Kongsberg Ferrotech’s family of robots performs in-situ inspection, maintenance and repair of subsea assets. “Our robots conduct these operations in a completely new way, with less risk, in less time and with fewer resources,” says Christopher Carlsen, CEO of Kongsberg Ferrotech.
Subsea conditions wreak havoc on underwater assets. Offshore wind turbines are exposed to marine growth, coating damage, material fatigue and corrosion in the splash zone. The same is true for subsea power cables and pipelines.
“Inspection, maintenance and repair of such assets is costly, time-consuming and dangerous,” says Carlsen.
“This is a major problem. In order for offshore wind to become competitive, we must find more intelligent ways to inspect and repair these assets,” he adds.
Kongsberg Ferrotech provides robotic services for subsea assets in demanding ocean spaces. The robots perform in-situ inspection, maintenance and repair (IMR) of underwater installations.
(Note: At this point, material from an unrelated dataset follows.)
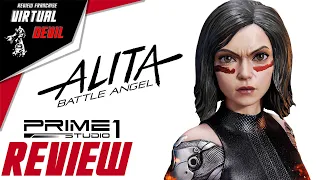 ALITA - BATTLE ANGEL - DELUXE - PRIME 1 STUDIO ! REVIEW !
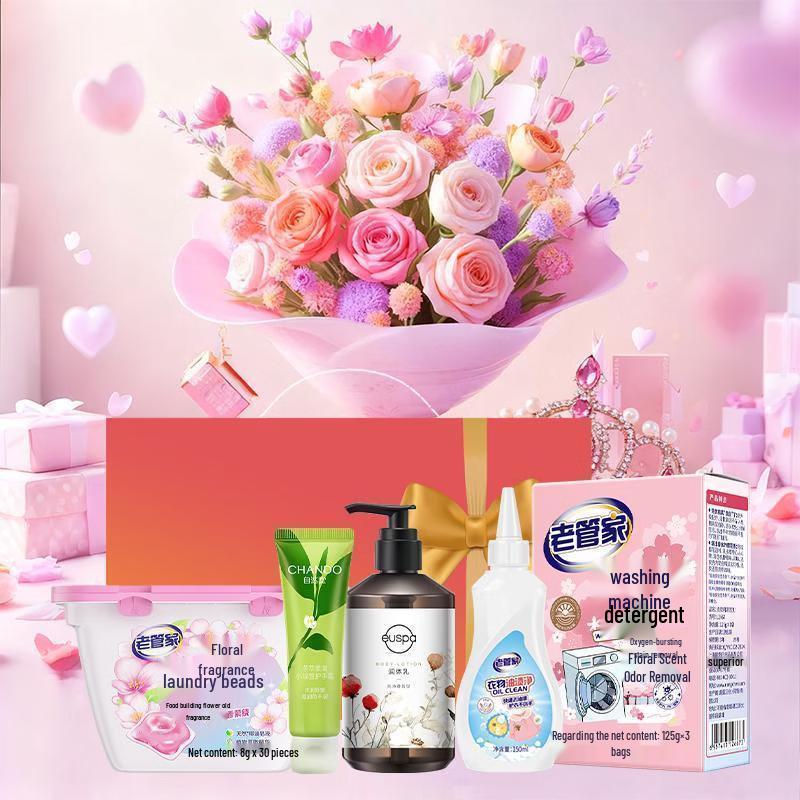 CHANDO Refreshing Skincare & Personal Care Deluxe Set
“We bring the workshop to the damage, not the damage to the workshop,” says Carlsen.
Designed for underwater habitats, the robots – named Oktapous, Nautilus and Exoskeleton – are equipped with various inspection and repair tools, depending on the customer’s needs.
For inspections, a wide range of methods are available, from visual inspection to non-destructive testing (NDT) technologies. All inspection data is stored in a digital twin tool for future use.
The maintenance function performs regular tasks to avoid shutdowns and detect defects. “We conduct our robotic services in a single operation, which reduces the complexity of the maintenance process compared to today’s underwater interventions,” Carlsen explains.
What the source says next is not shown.